The_LED_Museum said:


> Let me add one or two here:
> You know you're a flashaholic when...
> o You have a website with ~0.099394 terabytes of content about the silly things.


Nice try, but that's just 104 megs.  Edit: or not. I'm stupid.


----------



## LED_Thrift (May 7, 2008)

There are so many funny ones, but when I read:
"... you go to AA meetings thinking there's free batteries"
I lost it! 
Thanks for the humor xcel730.


----------



## Monocrom (May 7, 2008)

When a custom Leef body becomes available on Lighthound and you snatch it up, despite being nearly broke.

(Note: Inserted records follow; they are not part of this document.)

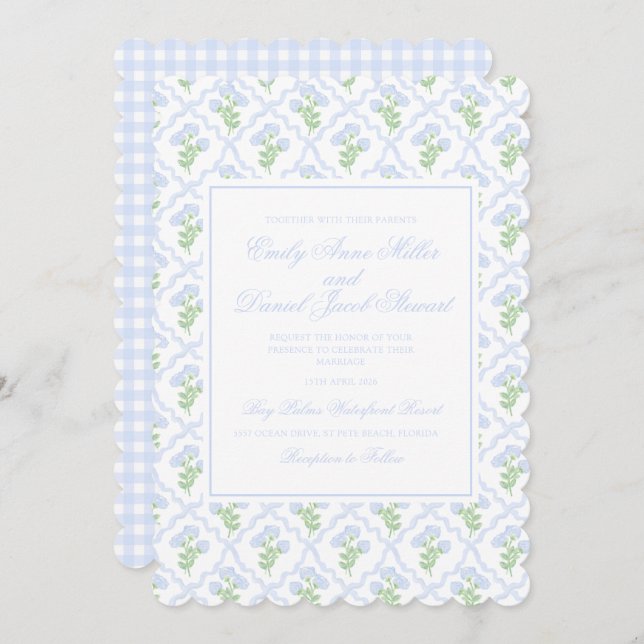 Invitation Preppy Hydrangea Watercolor Trellis Mariage (Devant / Derrière)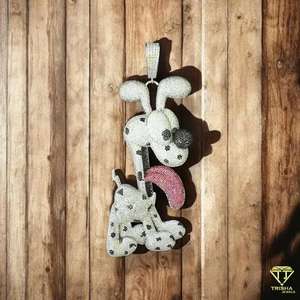 จี้เพชรรูปสุนัขทรงกลมของขวัญสำหรับผู้ชายจี้เงิน925ตกแต่งห้องแล็บออกแบบได้ตามต้องการ - Product Image 5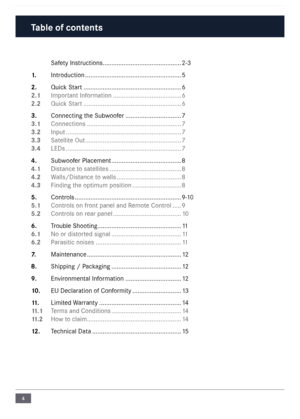 Page 44
Ta\fle of contents
 
Safety Instructions ..................\n..................\n......... 2-3
1.   Introduction  ..................\n..................\n..................\n. 5
2.  Quick Start   ..................\n..................\n..................\n.. 6
2.1  I\fportant Infor\fation   ..................\n..................\n... 6
2.2  Quick Start   ..................\n..................\n..................\n.. 6
3.  Connecting the Subwoofer   ..................\n.............. 7
3.1  Connections...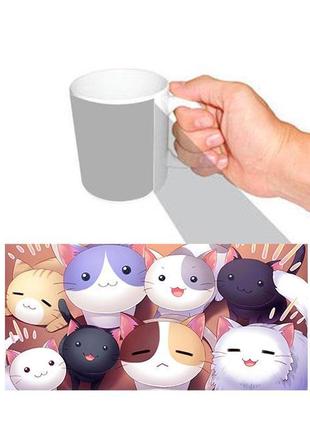 Чашка белая аниме арт кот неко (z0972)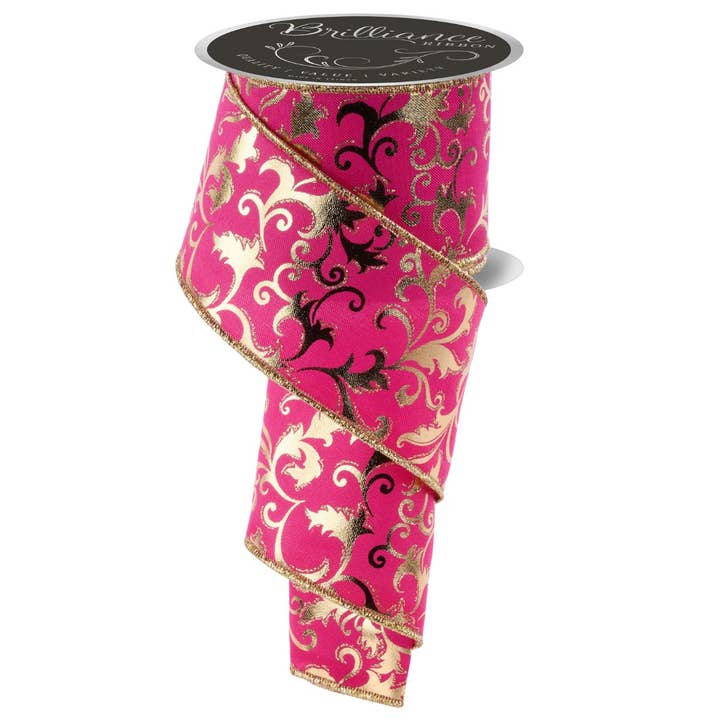 2.5 Inch Hot Pink & Gold Metallic Foil Swirl Leaf Ribbon LS301211 for wholesale by Trendy tree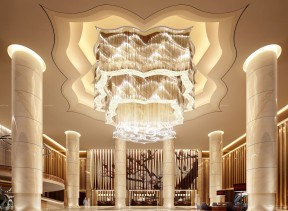 迪拜七星级酒店大堂吊顶设计装修效果图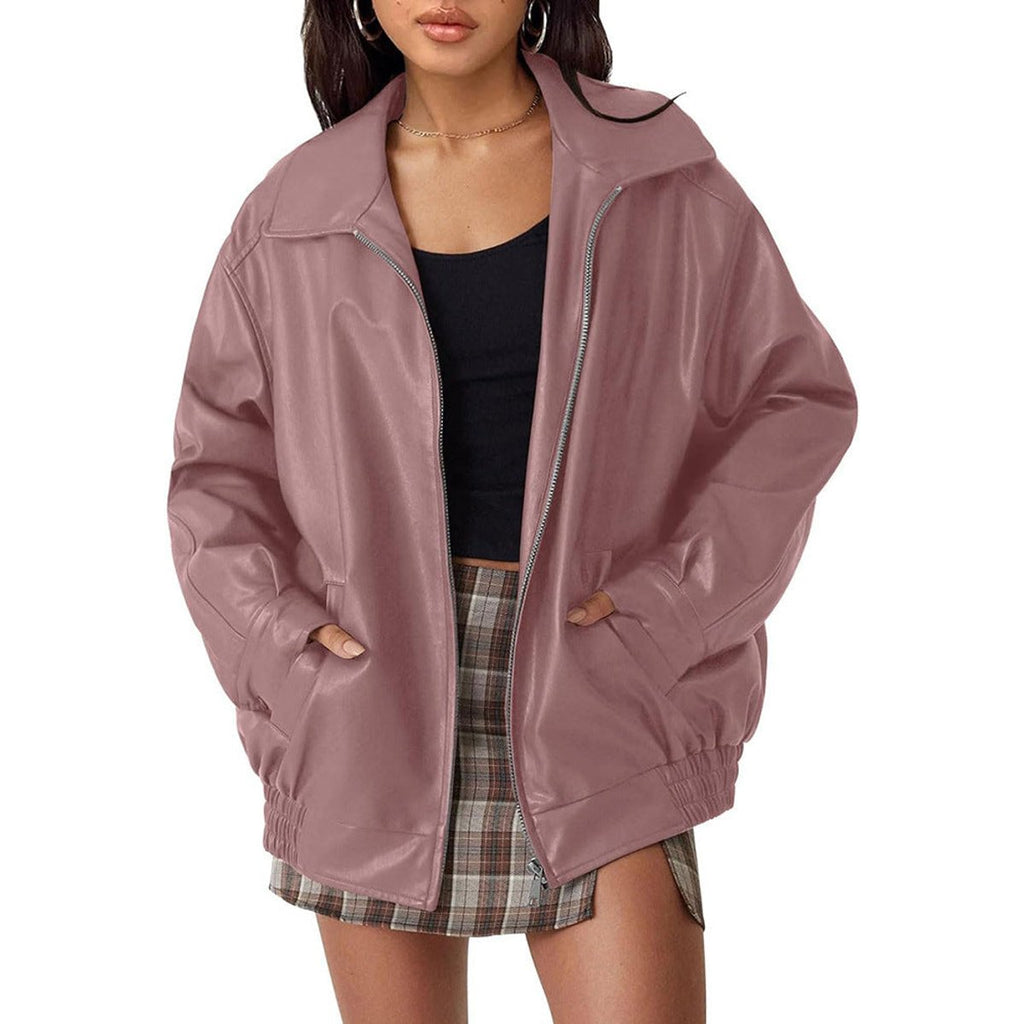 Madison - Women's Oversized Faux Leather Bomber Jacket Zip-Up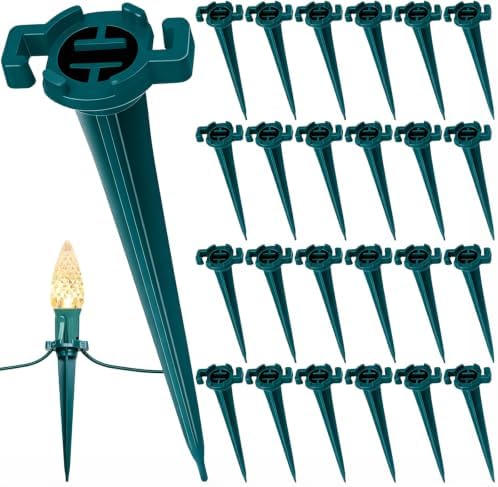 Plastic Light Stakes 50 Pack, 4.5 Inch Christmas Yard Stakes for C7 C9 Christmas Lights Outdoor, Christmas Light Stakes for Outdoor Holiday Lights on Pathway, Driveway, Lawn, Garden, Green by CXLHO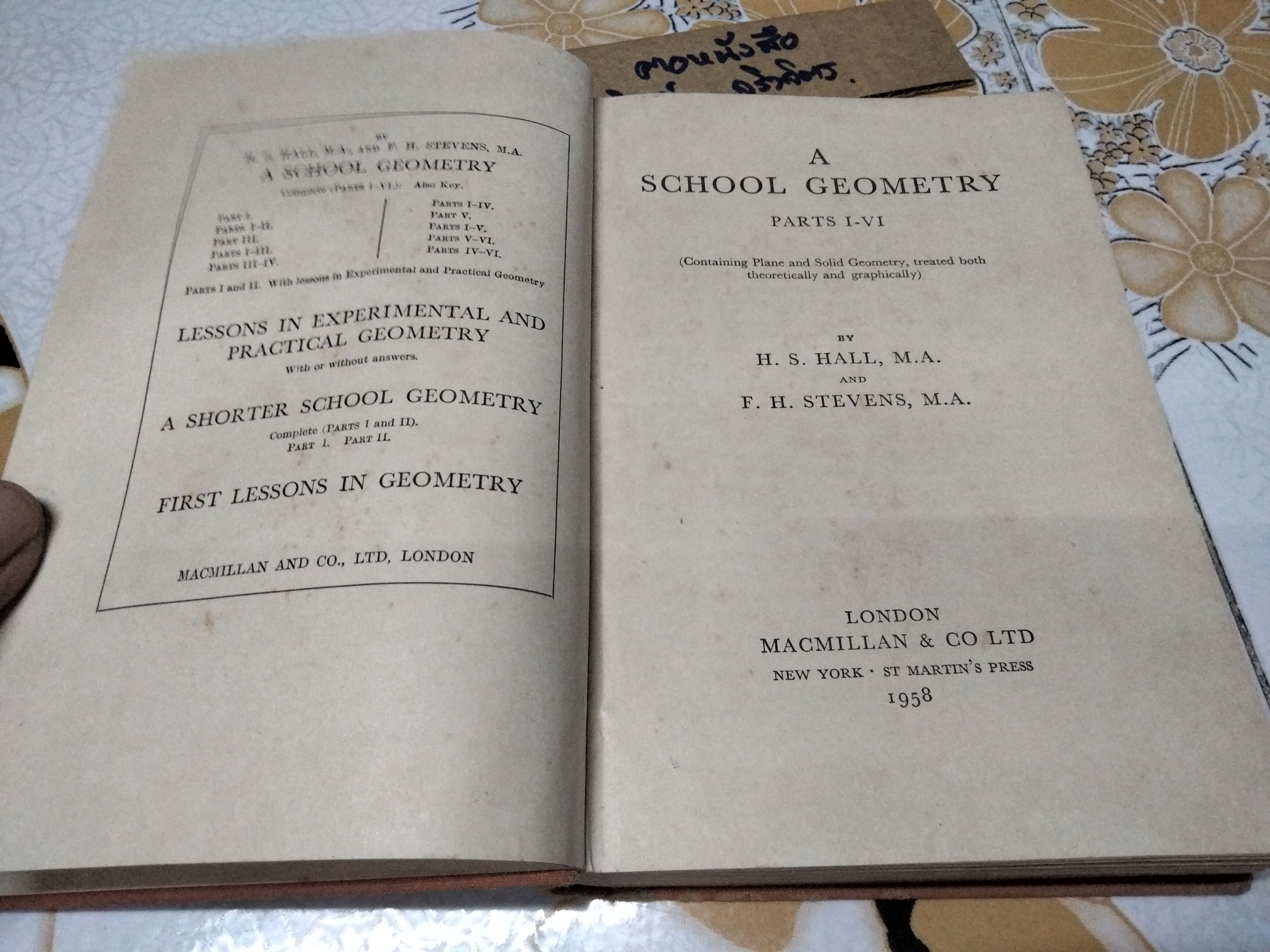 A SCHOOL GEOMETRY PARTS I-VI by HALL & STEVENS **สินค้าหมด**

All because you _know _it won't be available when you _can _afford it. (Heck, you know it won't be available an hour later!)

And then you feel silly for only ordering a body tube..... so you order a high-end light and other odds & ends, and the price quickly climbs to over $250.

Yeah..... That was me.


----------



## m16a (May 7, 2008)

That was funny


----------



## xcel730 (May 7, 2008)

Just added some more. Enjoy!


----------



## The_LED_Museum (May 7, 2008)

Fallingwater said:


> The_LED_Museum said:
> 
> 
> > Let me add one or two here:
> ...


I'm fairly certain that the ~0.099394 terabytes value is almost a gigabyte.


----------



## xcel730 (May 7, 2008)

It's always the decimals. :nana:



The_LED_Museum said:


> I'm fairly certain that the ~0.099394 terabytes value is almost a gigabyte.


----------



## Burgess (May 7, 2008)

First, *thank you *for adding the double-spacing. :thumbsup:



. . . . You go down the list (in post #1), and frequently say out loud: " Guilty "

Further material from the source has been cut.